___ Supplied material

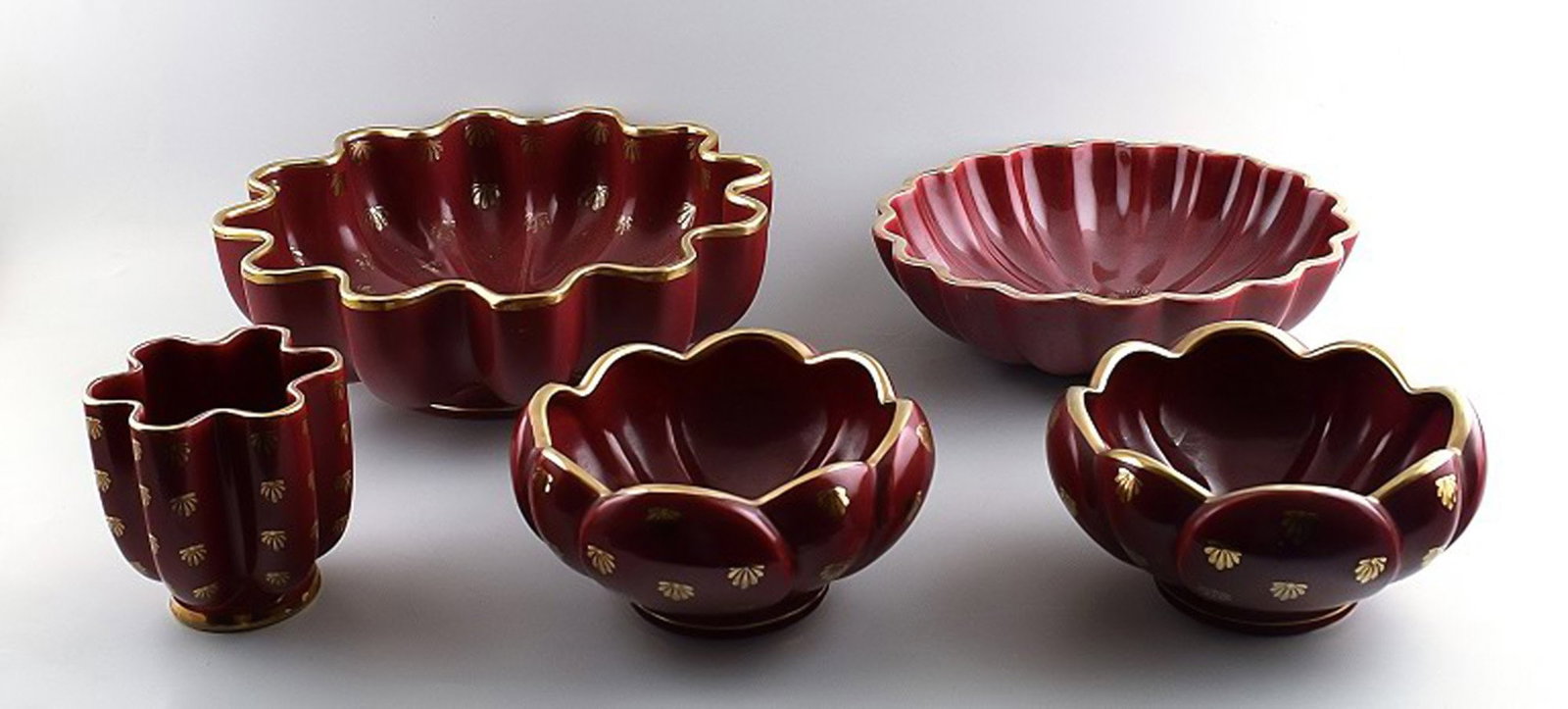 Collection of 'Red Rubin' pottery with red glaze with gold, Upsala-Ekeby, Gefle. Design Arthur: Collection of 'Red Rubin' pottery with red glaze with gold, Upsala-Ekeby, Gefle. Design Arthur Percy. Consisting of 4 bowls and 1 vase. Largest bowl measures: 29.5 x 10 cm. In perfect condition. Reser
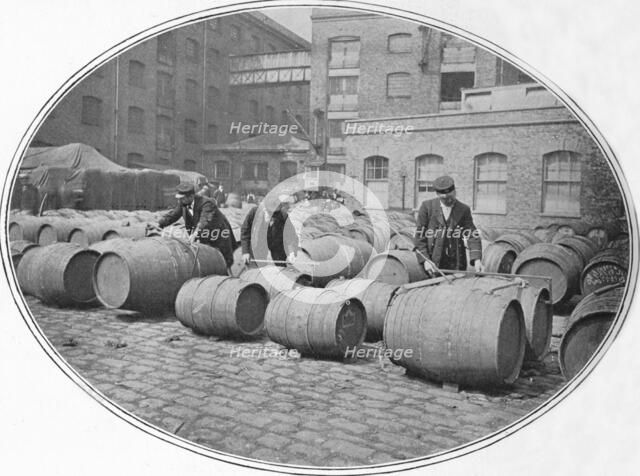 Gauging wine casks at London Docks, c1900 (1901). Artist: Unknown.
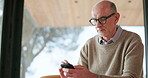 Typing, social media or elderly man on sofa with phone, chat or news update on multimedia network. Digital, scroll or senior person in home with tech, online texting or internet search on mobile app.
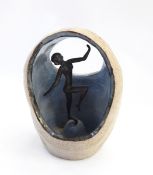 Bronze Art Deco style figure of a female nude, surrounded in a ceramic dome,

______

Leave the pictures out and restate the listing word for word.

Output of the exercise.
 Collection of 'Red Rubin' pottery with red glaze with gold, Upsala-Ekeby, Gefle. Design Arthur: Collection of 'Red Rubin' pottery with red glaze with gold, Upsala-Ekeby, Gefle. Design Arthur Percy. Consisting of 4 bowls and 1 vase. Largest bowl measures: 29.5 x 10 cm. In perfect condition. Reser
 Gauging wine casks at London Docks, c1900 (1901). Artist: Unknown.
 Typing, social media or elderly man on sofa with phone, chat or news update on multimedia network. Digital, scroll or senior person in home with tech, online texting or internet search on mobile app.
 Bronze Art Deco style figure of a female nude, surrounded in a ceramic dome,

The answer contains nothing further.